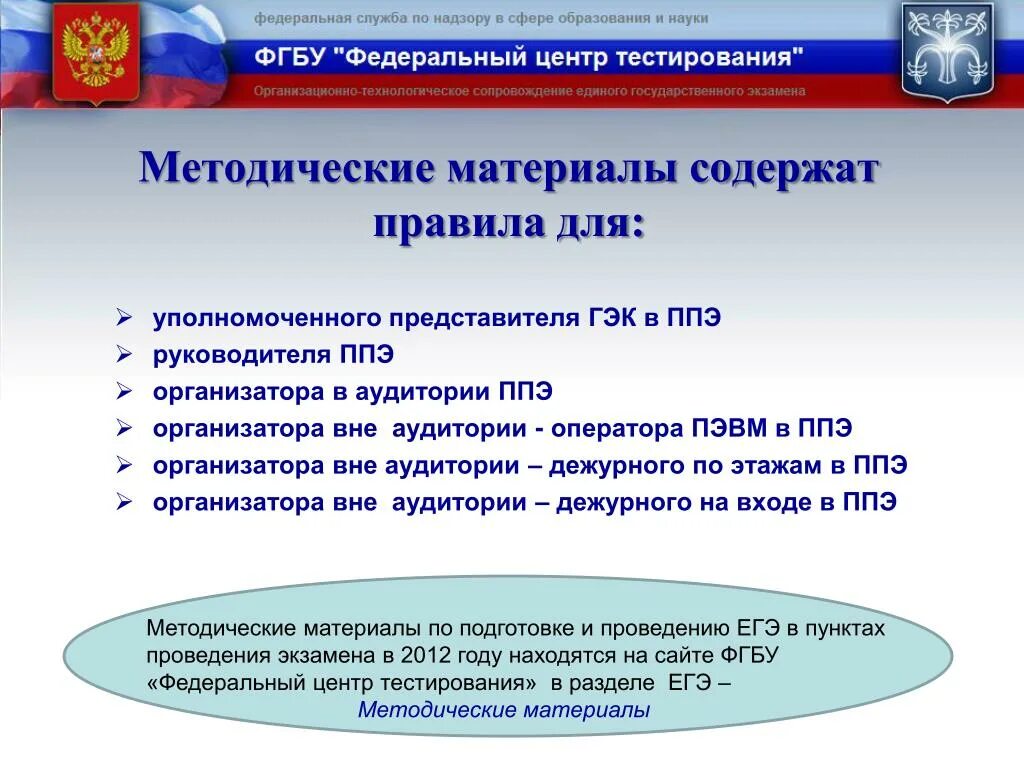 Итоговое тестирование организаторов вне аудитории ответы. Пункт проведения ЕГЭ. Методические материалы ЕГЭ. ГЭК ЕГЭ. Федеральный центр тестирования.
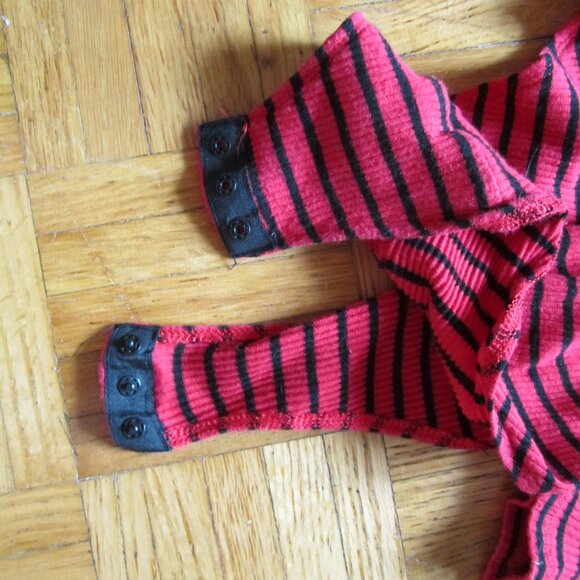 Divided by H&M Red Black Striped Long Sleeve Bodysuit - Size Large - Picture 2 of 5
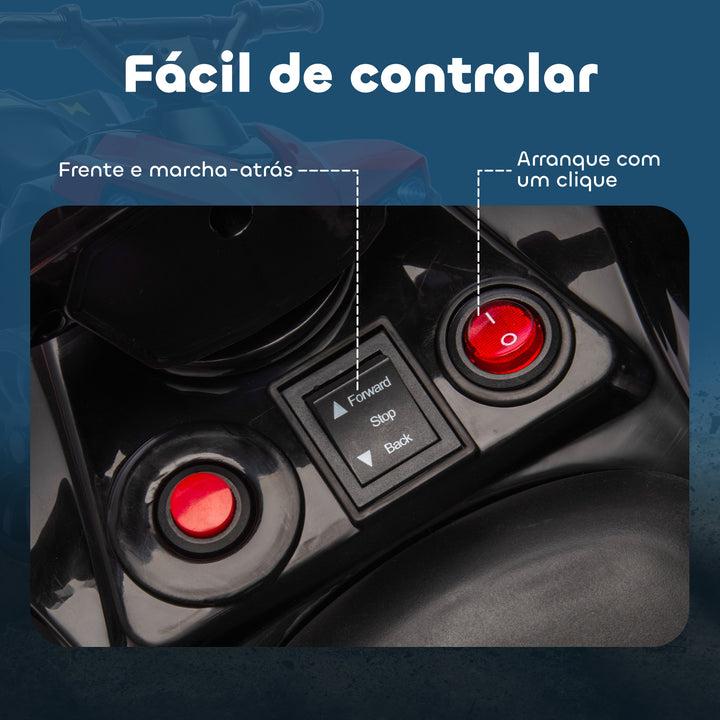 Quadriciclo Elétrico para Crianças 6 V Quadriciclo para Crianças de 3-8 Anos com Velocidade até 3?km/h Faróis e Música 70x42x45 cm Vermelho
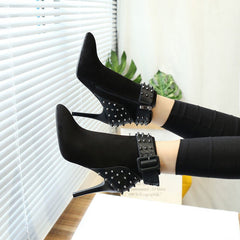 All - match rivet pointed high heels Black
========================
* _TASK INSTRUCTIONS_:
Take the line containing "Quadriciclo Elétrico para" and every line after it through the end of the data, and write them out exactly, with no pictures.

* _RESPONSE TO THE EXERCISE_:
 Quadriciclo Elétrico para Crianças 6 V Quadriciclo para Crianças de 3-8 Anos com Velocidade até 3?km/h Faróis e Música 70x42x45 cm Vermelho
 All - match rivet pointed high heels Black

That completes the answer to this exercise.